I've ended up with quite a few extras in sizes I use a lot. For example, 8, 10, and 12mm. I once happened on a sale of decent but cheap 10mm wrenches and bought four as raw material for building special tools. I have several 8mm wrenches in assorted styles because I deal with a lot of metric brake bleeders, so it's often very helpful to try more than one to find the specimen that seems to fit the best, or happens to allow the best "swing" in the available area.
In general, I have and regularly use metric sets of:
- Regular ol' combo wrenches
- Ratcheting combos (plus extras in 8, 10, and 12mm)
- Flex ratcheting combos
- "Mountain" style looooong flex ratcheting combos
- Gearwrench "X-Beam"; these have sort of a twist in the beam.
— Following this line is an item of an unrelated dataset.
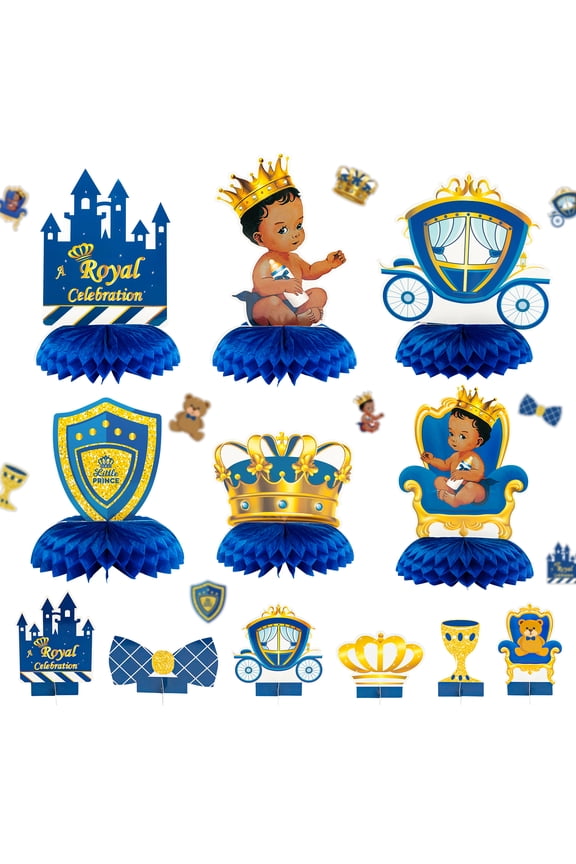 12Pcs Royal Prince Themed Honeycomb Centerpiece for Birthday Party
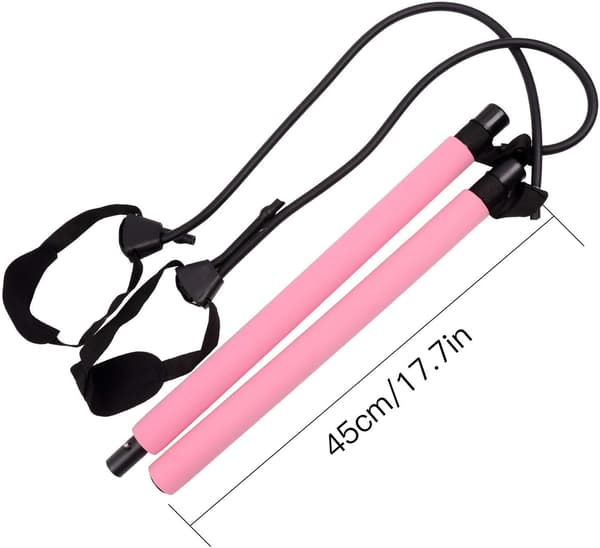 Pink - 1 Pilates Bar med modstandsbånd, bærbar og justerbar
Very comfy, long, and very useful option in some situations.
- Deep offsets
- Stubby combos
- Capri thin wrenches (VERY nice for the money!)
- One flare nut wrench (a 10 + 12mm covers everything I work on)
- Probably something I'm forgetting...
I keep a full no-skip set of regular combos in my main box, but for the other sets I have the sizes I hardly ever touch in a "storage" box out of my way. Everything I work on is Japanese (or Korean), so I keep the JIS stuff, 8, 10, 12, 14, 17, 19mm, etc., available, and move the 9, 11, 13, 15, 16, 18mm etc. to storage. This saves a LOT of space and time in daily use (like, if I need a 12 or 14mm, I don't even have to look), and the less-used sizes are still easily available if I do need them.
I also consolidated my useless inch **** into one drawer way in the back last year for those rare lawn mower occasions, and donated all the un-used duplicates and extras. This freed up a lot of space. Useless inch **** really seems to build up over the years because so many sets include both for some damfool reason.
YMMV, of course, depending on what you normally work on, but the point is that you can have a lot more options on hand if you can cull or separate as needed to fit your work.